A third lie would be, whites didn't take control. It was white supremacist Democrats — indeed, it was the original Ku Klux Klan.
So I thought to myself, "My gosh, what must it do to you to believe that the one time your group was center stage in American history, they screwed up?"
So you set out to write your own textbook, didn't you?
[Loewen, along with colleagues and students, co-wrote a new high school state history textbook called Mississippi: Conflict and Change. Despite high ratings from reviewers, the Mississippi State Textbook Purchasing Board rejected the book on the grounds that it was racially inflammatory. Loewen and his co-authors sued the board.]
The lawsuit had a "Perry Mason" moment — only your older listeners will understand what that is. Let's say it had a dramatic moment, and that came when John Turnipseed [of the Mississippi State Textbook Purchasing Board] was on the stand.
The assistant attorney general for the state of Mississippi asked why he had voted against our book. And he had us turn to [a] page where there's a photo of a lynching. Now, our textbook at that time was the only textbook in America that included a photo of a lynching. And ironically almost none do to this day.
Turnipseed is on the stand and he says: "Now, you know, some ninth graders, especially black male ninth graders, are pretty big, and I worried that teachers, especially white lady teachers, would have trouble controlling their classes with material like this in the book."
Wow.
The judge — who was an [older] white Mississippian, but a man of honor — took over the questioning, and he said, "But that happened, didn't it? Didn't Mississippi have more lynchings than any other state?" And Turnipseed said, and again I quote, "Well, yes, but that all happened so long ago. Why dwell on it now?" And the judge said, "Well, it is a history book."

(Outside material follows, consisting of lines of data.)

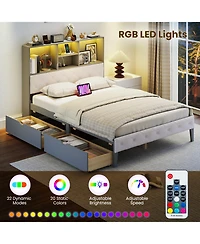 Sugift Full Size Bed Frame with Bookcase Headboard and Led Lights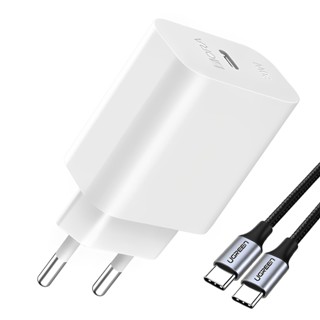 Carregador Usb 1Hora 20W Usb C Branco + Cabo Usb A/C (K-6589-3047) em Oferta na Shopee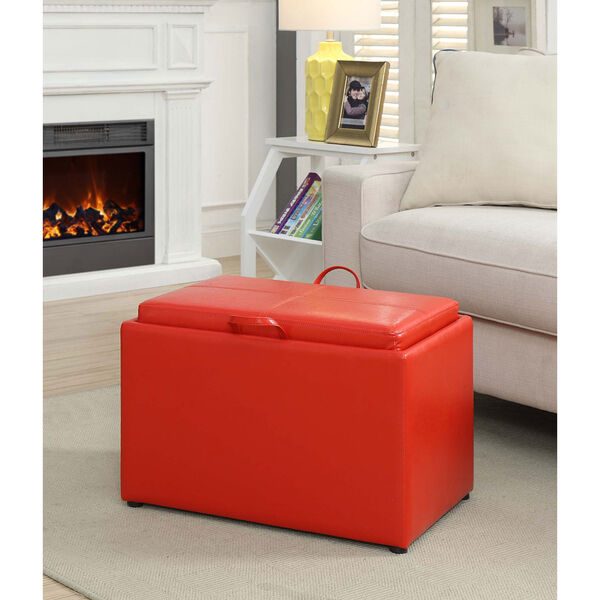 Designs4Comfort Bright Red Accent Storage Ottoman, image 2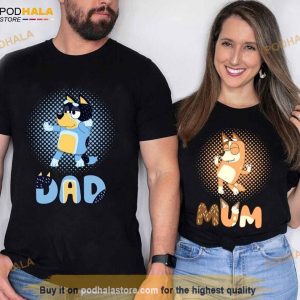 Custom Dad Mom Bluey Sweatshirt TShirt, Dad Bluey Shirt, Mom Bluey Shirt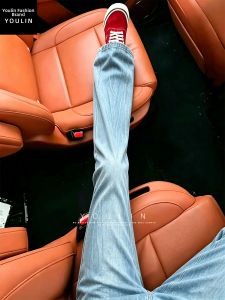 YOULIN | Light Blue Lightning Pattern Jeans American High Street Lightweight Summer Cleanfit Pants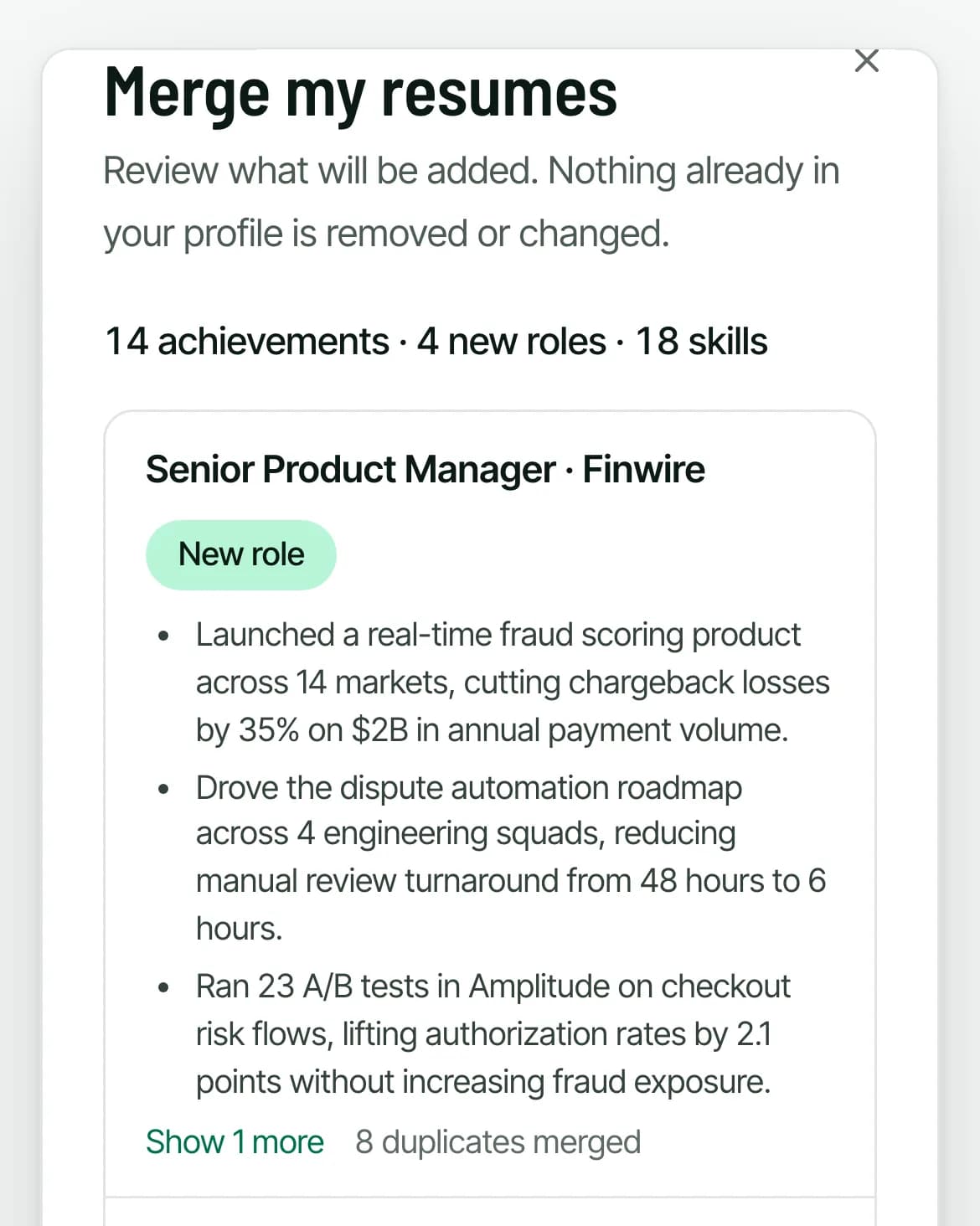 The Merge my resumes preview: 14 achievements and 4 new roles, with duplicates merged for each role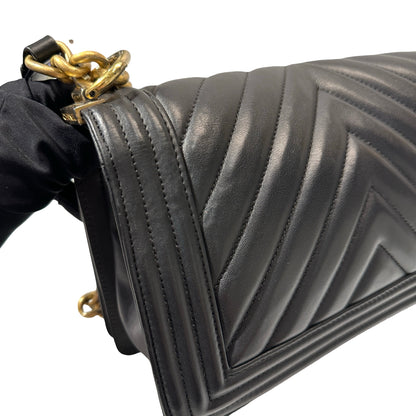 Used Chanel Lambskin Leather Boy 25 Shoulder Bag Black GHW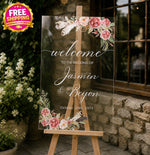 Blushing Blooms Acrylic Wedding Welcome Sign | Personalized Wedding Welcome Board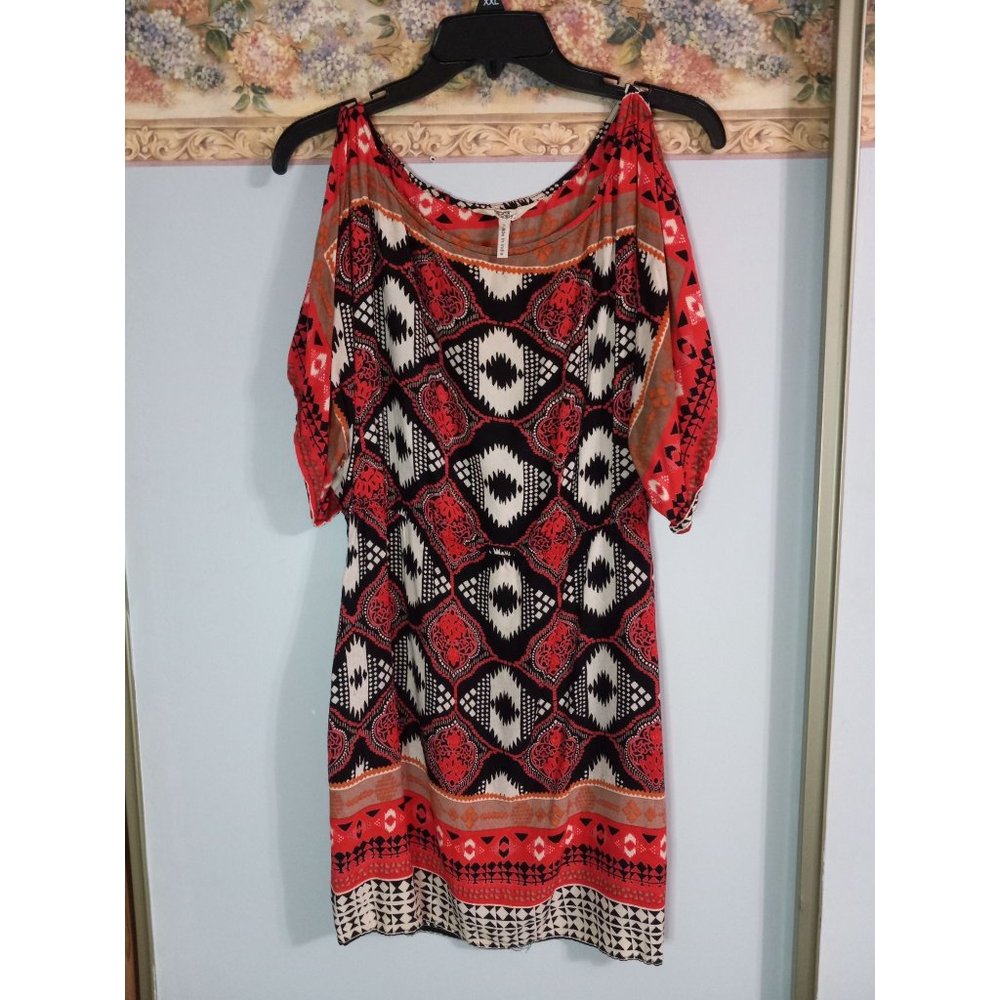 Black Poppy Small Colorful Dolman Short Sleeve Aztec Casual Fun Shift Dress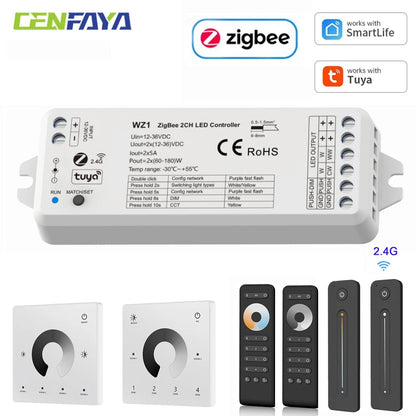 CENFAYA ZigBee & RF 2CH LED Controller - Smart DC 12V/24V Dimmer for CCT LED Strips with Remote Control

The U.S. District Court found for Loewen and the textbook was adopted for several years.
That whole escapade proved to me that history can be a weapon. And that it had been used against my students. And that's what got me so interested in American history as a weapon.
The book is called Lies My Teacher Told Me — what's the biggest lie in the book?
Usually when I'm asked, "What's the biggest lie?" I put my hand out in front of me slanting upward and to the right. And what I mean by that is the overall theme of American history is we started out great and we've been getting better ever since kind of automatically. And the trouble with that is two things. First of all, it's not always true. ...
And the second part is what it does to the high school student. It says you don't need to protest; you don't need to write your congressman; you don't need to do any of the things that citizens do, because everything's getting better all the time.
So it encourages passivity.
Exactly.
And then the other part about it is the enormous textbooks. I mean, you talk about the way that they present history as being settled intellectually too.
It's so boring! If you think about it, the very first thing that happened in terms of American history is people came to the land that we now know as the United States. Now how did they get here?
Well, every single textbook that I looked at says that they came across the Bering Strait during an Ice Age. It turns out they might have. It also turns out they might not have. And what we should therefore do is let students in on the fact that we don't know, that there's a controversy here and invite them to go research it themselves. ...
And that would be fascinating. That would get them thinking like a historian right from the beginning of a U.S. history course.
I feel like there is a tension in what you're saying because we do want to debate and understand where there's genuine uncertainty in history, but how do students discriminate among various sources of information? Especially in the age of the Internet and thousands of pages on any subject.